# Enjoying the fall scenery with my senior girl



## BeccaB (Feb 22, 2012)

It's been a lovely fall so far this year and me and my girl have taken advantage of the weather to enjoy almost daily 6 mile walks in the hills. My daughter started headstart this fall and quite honestly these walks with her have helped keep my sanity. Literally thought i'd go crazy missing Rosie during the days while she's in school as the house is just tooo quite without her home. Of course ginnie is often quit disgusted with me on these walks as its squirrel season and my mom has trained and used her the past 3 years to retrieve the squirrels so when she see's a squirrel she thinks i should shoot it and gives me looks that say...."there's the squirrel...shoot it, shoot it...why are you not shooting it...here let me point it out for you". which normally leads to her giving me dirty looks as i only take pics of the squirrel and she lay's down sighs in dissapointment. Another benefit to these walks is over the summer she's slimmed down another 6lbs and i've lost 10 in the past month and a half. Its cold and rainy today so no walk for either of us and she's snoozing right now on her blanket. anyways onto pictures.

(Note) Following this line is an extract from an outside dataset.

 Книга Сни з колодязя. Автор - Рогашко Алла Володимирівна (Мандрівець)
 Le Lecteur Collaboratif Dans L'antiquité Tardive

looking at this picture its hard for me to believe she'll be 10 this december, if it wasn't for the grey she looks almost like a puppy again.
























































wishing i'd shoot the squirrel


----------



## CAROLINA MOM (May 12, 2009)

Beautiful pictures, your Ginnie is a beautiful Old Gold and your little Rosie is so adorable and precious.

Congrats to you and Ginnie on your weight loss, that's fantastic! It's great to hear Ginnie is doing so well, she's obviously feeling great, love seeing them act like a puppy.


----------



## GoldenCamper (Dec 21, 2009)

Beautiful pics of your girls. Glad ginnie bug is doing well and enjoying these autumn walks  Best time of year IMO.


----------